Wolcott v. Hall

6 Mass. 514 | Mass. | 1810

Parsons, C. J.

[After reciting the pleadings, and the evidence offered by the defendant at the trial.] This evidence the judge rejected, and in our opinion very properly. The defendant, not content to slander the plaintiff in the country, perseveres in the calumny by putting the slander on record ; and would now protect himself from damages, by proving that reports against the plaintiff’s character, imputing larceny to him, previously existed. Two of these reports the jury have found to be false; and the general report might have been discredited, if not followed by the slanderous words of the defendant himself.

The plaintiff could have no notice from the pleadings to meet this evidence; and when regularly seeking redress for an injury from the defendant, he might be overwhelmed by particular scandal, which could not be traced to any author ; or, if it could, might be disproved. The evidence of such reports would, therefore, be extremely oppressive to the plaintiff, and would encourage slander in the country, by leading people to suppose that they were excusable in relating scandal, if they were not the authors of it.

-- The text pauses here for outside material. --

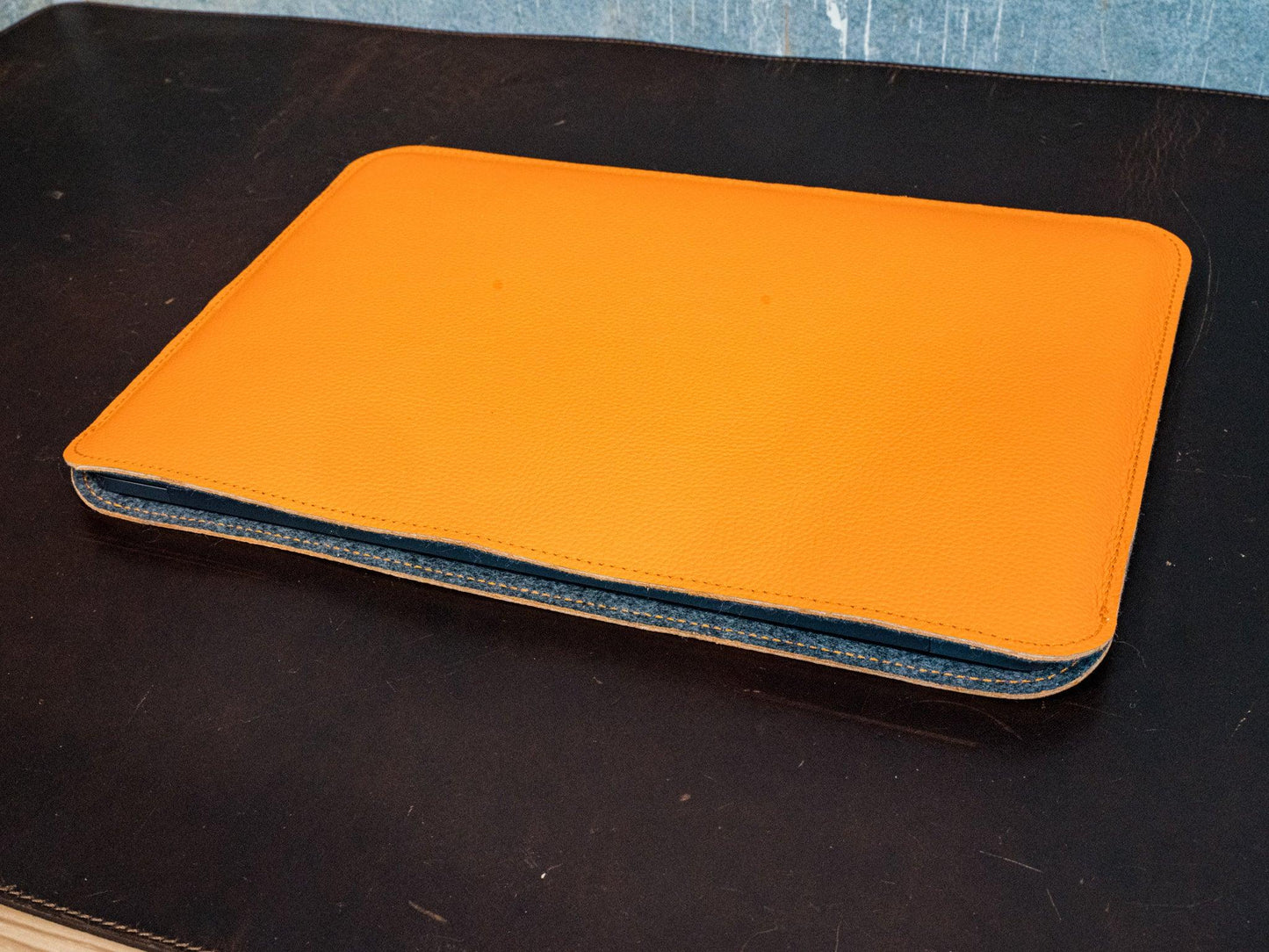 Leather Macbook Sleeve With Wool Lining - Orange  - olpr.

Evidence as to the general character of the plaintiff, he may at all times encounter, if untrue; and if his character be generally bad, independent of the slander of which he complains, the jury may consider it. For the worth of a man’s general reputation among his fellow-citizens may entitle him to large damages for an attempt to injure it; which he ought not to obtain, if his character is of little or no estimation in society.

But evidence of the plaintiff’s general character was not offered ; but only an attempt to blast his reputation by particular reports, which he might not have it in his power to silence, but by commencing this prosecution. And if such reports could be given in evidence, the subject of them, however innocent, instead of seeking redress from the laws, had better sink privately under the weight of unmerited calumny, lest, by attempting his justification, he should * give notoriety to slanders,. which [*519] had before been circulated only in whispers.

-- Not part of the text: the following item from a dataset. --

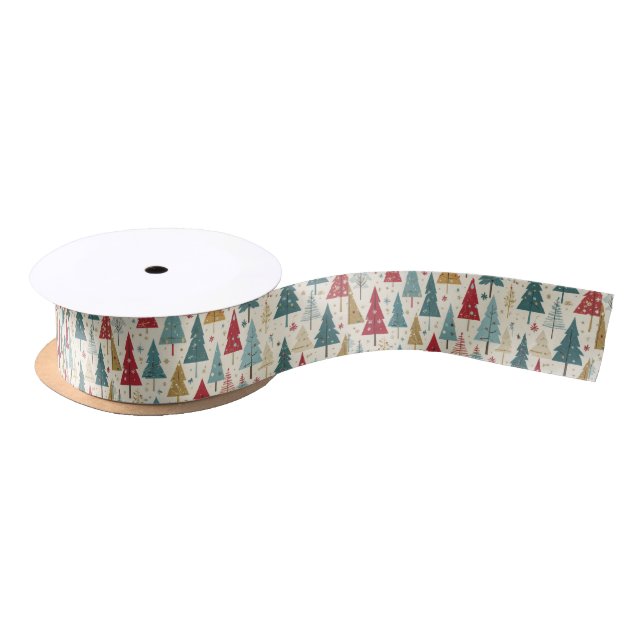 Modern Christmas Tree Green Blue Red Gold Pattern  Satin Ribbon (Spool)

*428This is not like the case of Larned vs. Buffington, (3 Mass. Rep. 546.) There evidence of the plaintiff’s rank and employment was offered and rejected, and, under the circumstances of that case, not injuriously to the defendant. For the damage arising from the defamatory words, instead of being lessened by the plaintiff’s em ployment, ought, if at all affected, to have been aggravated. (4)

Let judgment be entered on the verdict.

[See Starkie on Evidence, 2d edit. pp. 470, 216, 217, and note (k). — Ed.]